Once you reach the line with "Molecular Structure of", copy it and every line after it exactly, up to the end of the data. Omit the pictures.
***
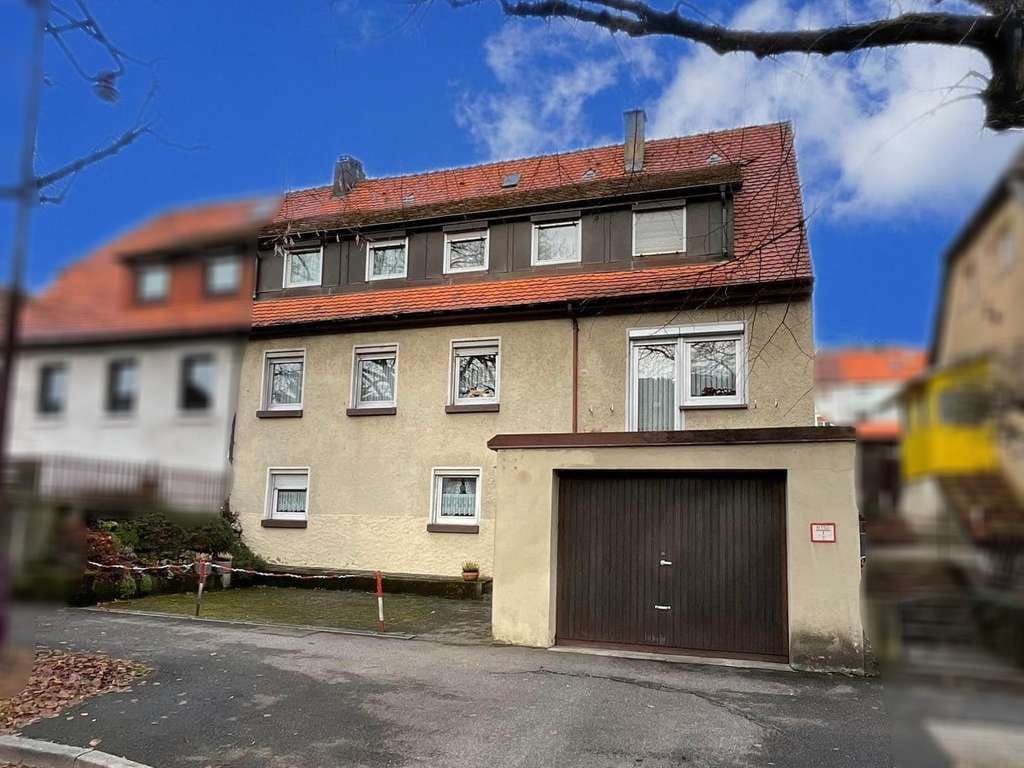 Immobilie in Albstadt - Stadtnah wohnen - Platz für alle - schöner Garten - Bild 1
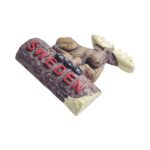 sweden moose fridge magnet nordic wildlife souvenir & rustic cabin decor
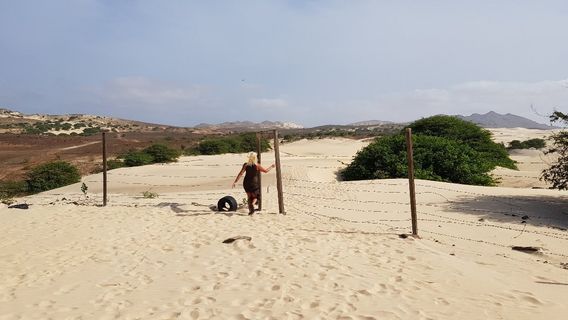 Deserto de Viana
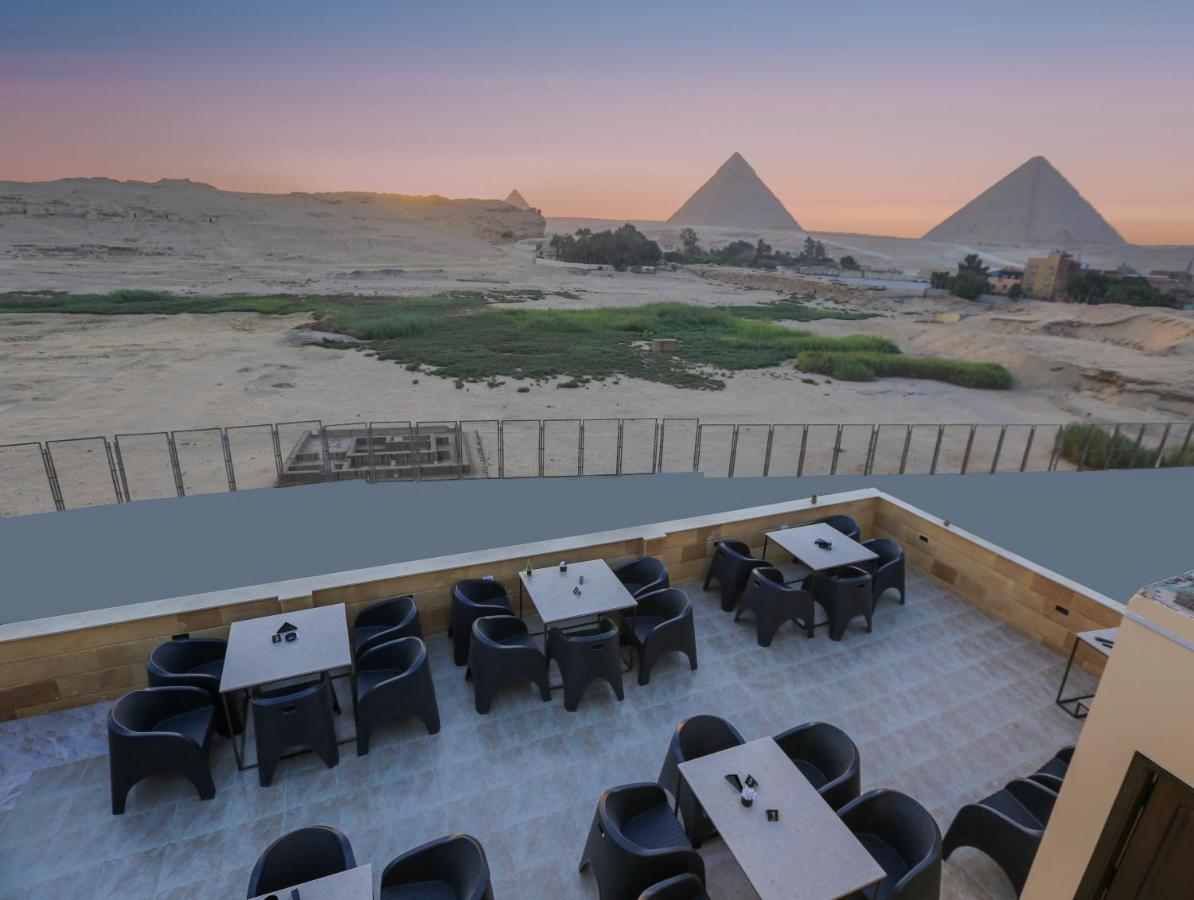 Pyramids Land Palace Kafret el-Gabal Exteriör bild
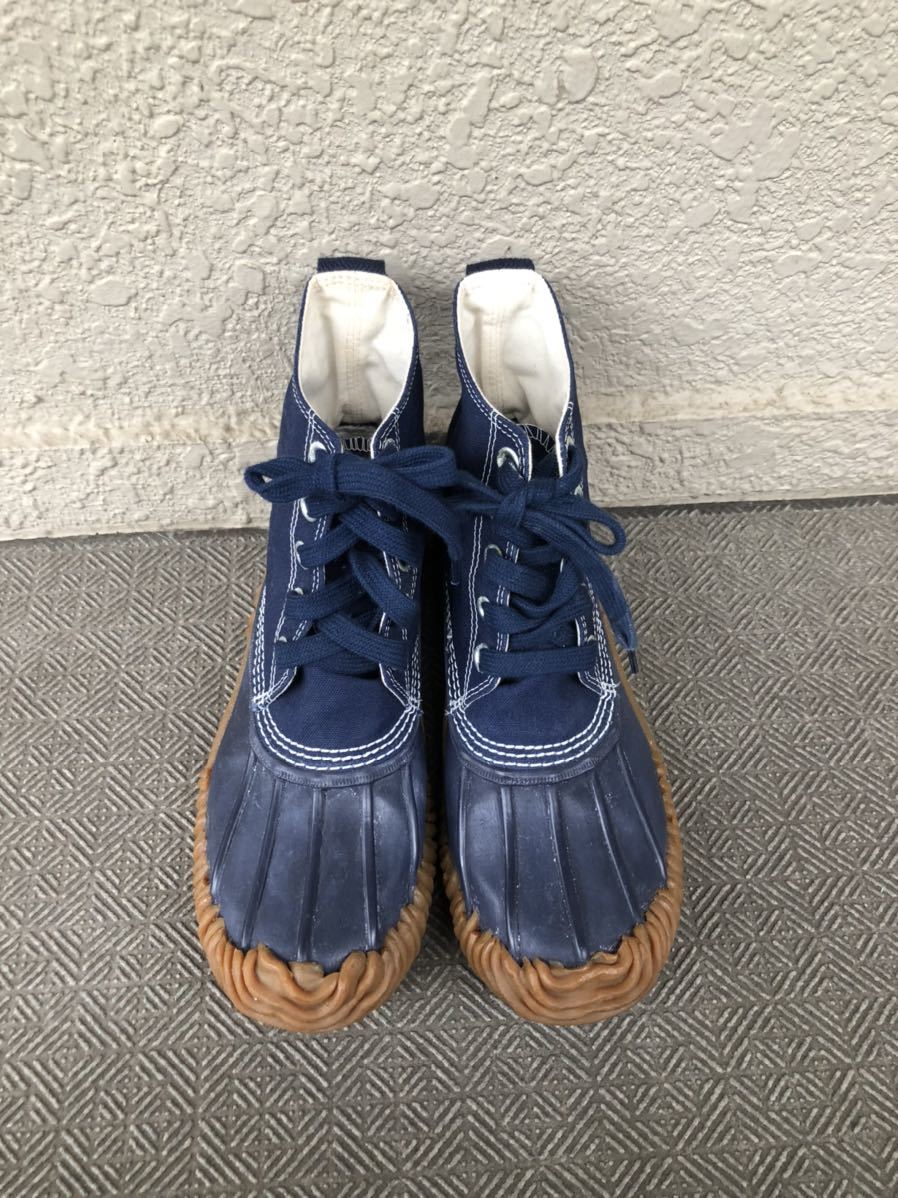 JUNYA WATANABE COMME des GARCONS MAN ビーンブーツ 新品同様美品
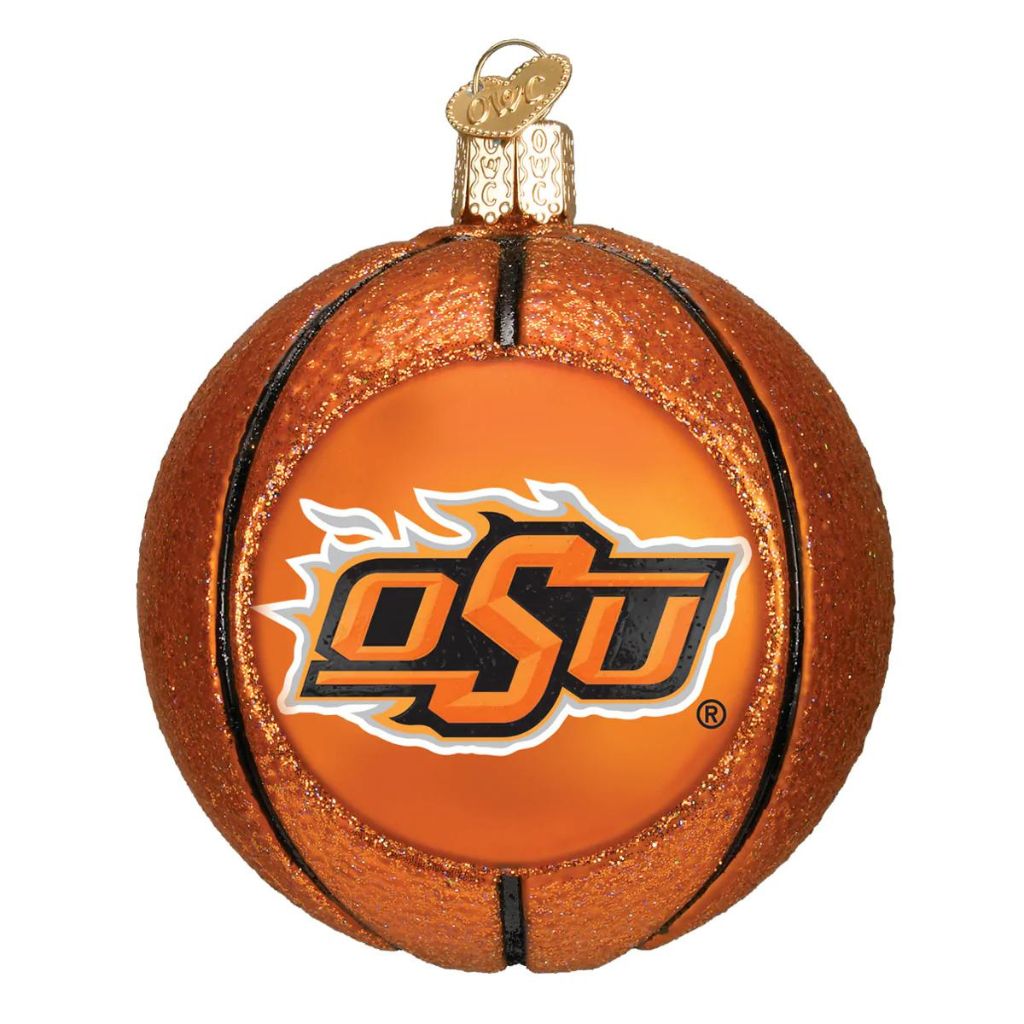 Old World Christmas - OSU Basketball Ornament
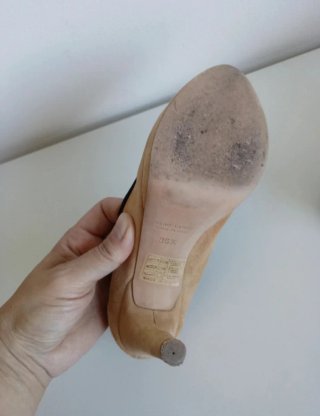 Scarpe Lella Baldi Beige N.36.5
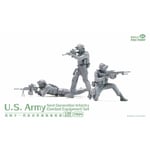 Magic Factory - U.S Army Next Generation Infantry Equipment Setmaquette Figurine U.S Army Next Generation Infantry Equipment Set |Magic Factory|7504| 1:35 Maquette Char Promo Figurine Miniature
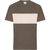 T-Shirt colour-block UNISEX - Unisex T-Shirt mit Kontrasteinsatz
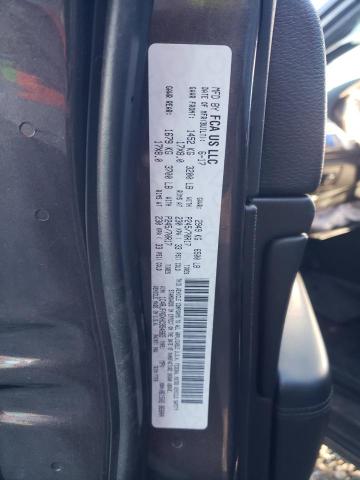 2017 JEEP GRAND CHER - 1C4RJFAGXHC954865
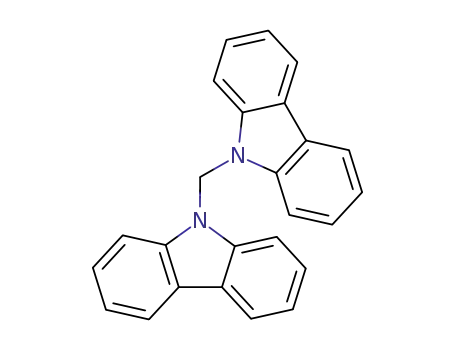 Molecular Structure of 6510-63-0 (9H-Carbazole,9,9'-methylenebis-)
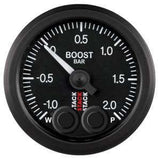 Stack 52mm Pro-Control Boost Pressure Gauge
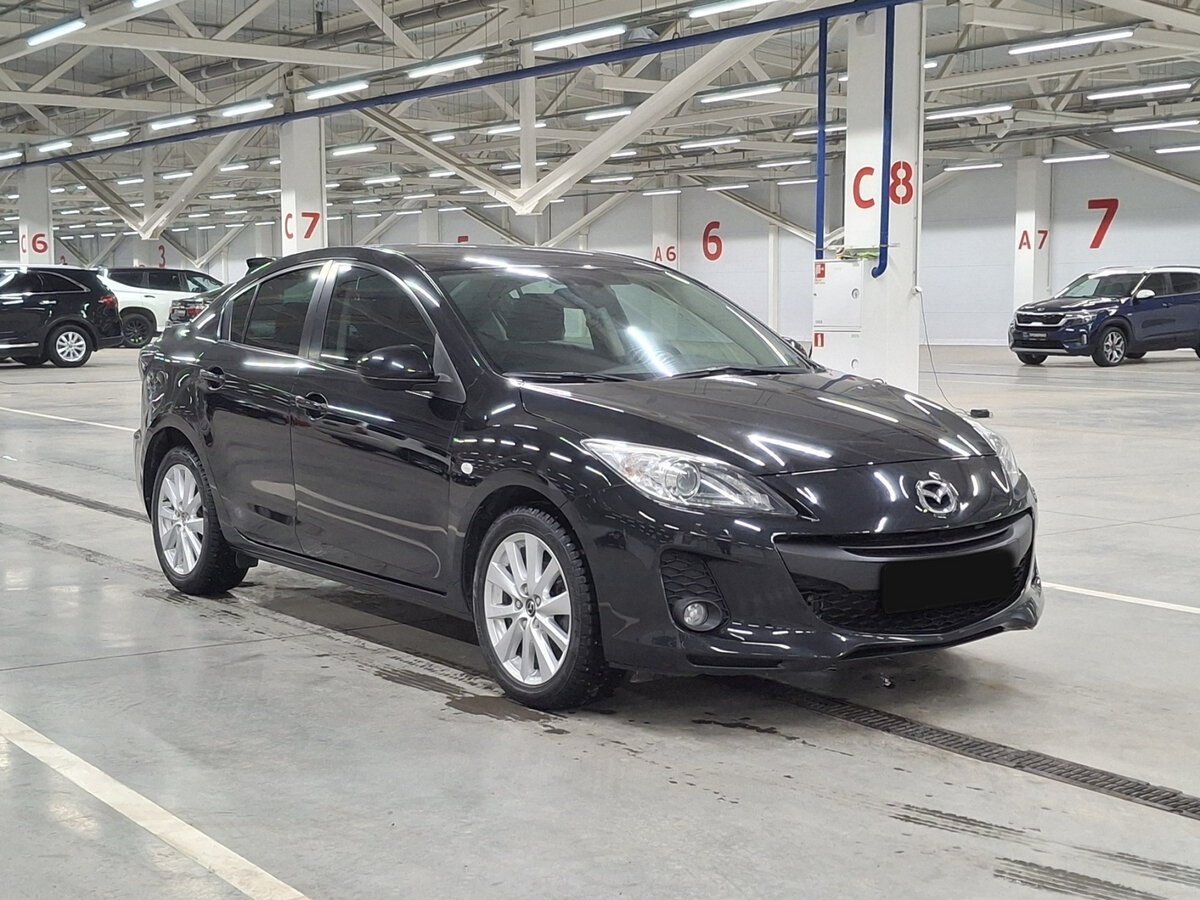 Mazda 3 2013 года с пробегом. Фото: #2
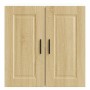 Mueble de pared cocina madera contrachapada Porto roble sonoma de , Armarios de cocina - Ref: Foro24-854060, Precio: 59,79 €,...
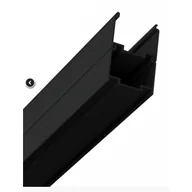 Listwy i profile - Ravak E778801319802 Dodatki do kabin Profil poszerzaj$886cy ANPS czarny 198 - miniaturka - grafika 1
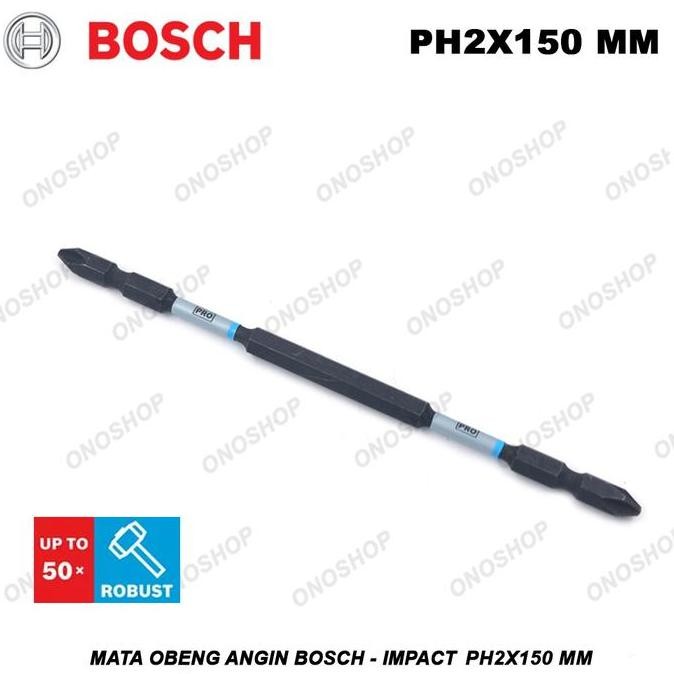 Mata Obeng Angin Bosch - Impact PH2x150 mm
***
▶ [Problem solution]:
 Molecular Structure of 6510-63-0 (9H-Carbazole,9,9'-methylenebis-)
 Stack 52mm Pro-Control Boost Pressure Gauge
 Mazda 3 2013 года с пробегом. Фото: #2
 Mueble de pared cocina madera contrachapada Porto roble sonoma de , Armarios de cocina - Ref: Foro24-854060, Precio: 59,79 €,...
 Listwy i profile - Ravak E778801319802 Dodatki do kabin Profil poszerzaj$886cy ANPS czarny 198 - miniaturka - grafika 1
 Mata Obeng Angin Bosch - Impact PH2x150 mm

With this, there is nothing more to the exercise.